Nov. 6, 2012
Kim Hoj, OVN correspondent
Visit the Nordhoff High School campus on a Wednesday night and you will find a thriving buzz of activity in the science wing. Three Nordhoff High School teachers conduct weekly open-door support sessions for students in their science classes that attract as many as 100 or more students per night.
Chemistry teacher Jeff Sloneker, geoscience teacher Greg Lepine and physics teacher Ken Umholtz are in their classrooms each Wednesday from 7 to 10 p.m. to offer a supervised setting for students to complete homework, receive tutoring on challenging concepts, and to make up missed labs, tests and quizzes.
Lepine shares that “the value for me as a teacher is simple. I get to help kids learn. The environment is relaxed and kids are working on science homework as well as work from other classes. I can answer individual questions and spend time re-teaching material to small groups as needed.”
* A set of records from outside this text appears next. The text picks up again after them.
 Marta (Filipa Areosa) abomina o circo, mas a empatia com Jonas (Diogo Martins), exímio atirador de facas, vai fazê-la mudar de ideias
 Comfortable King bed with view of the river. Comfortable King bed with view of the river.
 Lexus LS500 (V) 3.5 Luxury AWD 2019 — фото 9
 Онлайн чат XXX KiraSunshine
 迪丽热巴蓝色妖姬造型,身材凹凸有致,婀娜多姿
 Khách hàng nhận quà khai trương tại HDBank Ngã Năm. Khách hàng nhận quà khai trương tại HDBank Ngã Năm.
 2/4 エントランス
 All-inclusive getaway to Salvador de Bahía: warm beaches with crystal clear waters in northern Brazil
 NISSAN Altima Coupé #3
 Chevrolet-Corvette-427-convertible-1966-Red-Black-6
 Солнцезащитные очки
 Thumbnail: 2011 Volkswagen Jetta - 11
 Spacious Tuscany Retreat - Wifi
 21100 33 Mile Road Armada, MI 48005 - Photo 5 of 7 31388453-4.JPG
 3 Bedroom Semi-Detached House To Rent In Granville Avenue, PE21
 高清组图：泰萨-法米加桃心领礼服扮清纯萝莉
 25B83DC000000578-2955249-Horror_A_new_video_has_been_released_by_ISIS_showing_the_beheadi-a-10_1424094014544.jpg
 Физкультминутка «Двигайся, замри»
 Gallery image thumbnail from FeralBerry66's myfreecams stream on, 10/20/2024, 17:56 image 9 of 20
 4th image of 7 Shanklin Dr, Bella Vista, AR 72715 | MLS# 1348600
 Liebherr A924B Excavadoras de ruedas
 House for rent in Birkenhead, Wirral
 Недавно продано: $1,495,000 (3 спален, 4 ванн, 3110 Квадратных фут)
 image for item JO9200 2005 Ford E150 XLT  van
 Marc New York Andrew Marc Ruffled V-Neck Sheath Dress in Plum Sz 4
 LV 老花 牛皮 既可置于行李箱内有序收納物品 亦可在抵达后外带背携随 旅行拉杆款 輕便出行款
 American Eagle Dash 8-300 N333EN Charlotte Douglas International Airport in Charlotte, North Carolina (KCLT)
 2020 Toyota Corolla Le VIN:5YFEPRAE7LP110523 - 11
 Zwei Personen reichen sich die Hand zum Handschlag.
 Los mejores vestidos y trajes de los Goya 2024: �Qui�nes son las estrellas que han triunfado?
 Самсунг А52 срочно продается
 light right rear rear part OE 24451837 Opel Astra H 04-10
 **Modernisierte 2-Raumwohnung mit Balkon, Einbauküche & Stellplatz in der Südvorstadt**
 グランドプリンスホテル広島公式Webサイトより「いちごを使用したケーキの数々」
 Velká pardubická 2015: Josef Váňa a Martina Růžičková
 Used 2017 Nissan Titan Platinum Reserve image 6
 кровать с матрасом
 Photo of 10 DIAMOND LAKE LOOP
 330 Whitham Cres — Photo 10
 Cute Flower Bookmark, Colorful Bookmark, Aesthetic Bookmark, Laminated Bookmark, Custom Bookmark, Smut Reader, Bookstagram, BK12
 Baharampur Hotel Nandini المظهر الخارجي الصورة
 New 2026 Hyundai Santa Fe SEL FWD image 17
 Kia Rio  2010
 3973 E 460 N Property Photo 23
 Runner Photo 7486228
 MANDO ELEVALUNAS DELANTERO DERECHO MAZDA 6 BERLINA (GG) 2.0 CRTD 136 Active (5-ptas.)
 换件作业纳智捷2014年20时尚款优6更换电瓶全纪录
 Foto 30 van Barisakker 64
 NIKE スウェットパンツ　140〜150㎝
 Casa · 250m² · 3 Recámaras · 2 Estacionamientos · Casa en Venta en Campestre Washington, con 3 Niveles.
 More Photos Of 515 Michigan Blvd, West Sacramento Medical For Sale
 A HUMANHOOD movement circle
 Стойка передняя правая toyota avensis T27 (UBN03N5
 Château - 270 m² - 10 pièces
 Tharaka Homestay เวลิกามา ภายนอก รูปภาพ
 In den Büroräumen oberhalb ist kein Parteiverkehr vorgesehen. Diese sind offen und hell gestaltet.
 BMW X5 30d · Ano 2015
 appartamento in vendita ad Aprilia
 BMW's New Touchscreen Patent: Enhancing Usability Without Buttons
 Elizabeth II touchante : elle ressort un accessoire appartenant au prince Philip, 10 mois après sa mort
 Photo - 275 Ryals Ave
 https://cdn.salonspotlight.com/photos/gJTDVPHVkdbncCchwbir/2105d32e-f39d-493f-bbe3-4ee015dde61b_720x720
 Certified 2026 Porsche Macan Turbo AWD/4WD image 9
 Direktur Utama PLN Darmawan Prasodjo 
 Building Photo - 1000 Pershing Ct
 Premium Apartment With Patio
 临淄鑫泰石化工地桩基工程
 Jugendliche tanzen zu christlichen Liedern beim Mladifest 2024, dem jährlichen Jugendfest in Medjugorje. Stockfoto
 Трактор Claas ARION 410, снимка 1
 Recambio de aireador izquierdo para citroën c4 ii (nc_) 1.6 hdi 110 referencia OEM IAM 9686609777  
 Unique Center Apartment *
For Sloneker, he reports that the Science Help Night sessions lead to more immediate and stronger relationships with students with an embedded place for longer assignments to be tackled together, especially for students who miss a lab. “Students stop looking at me as the all-knowing brain holding back info from them and more as a coach going through it with them,” says Sloneker.
The origins of this Nordhoff tradition date back at least 15 years and expanded once Sloneker began his career in Ojai, recognizing a need to offer support for the typically high-achieving, highly-committed students in his chemistry classes. “(These students) seemed pretty frustrated … there was a definite no-fun zone in my classes …” before the addition of the weekly Wednesday night sessions that are planned late enough for students to be able to attend after other commitments. Students are encouraged to bring food to share in keeping with a welcoming atmosphere of support.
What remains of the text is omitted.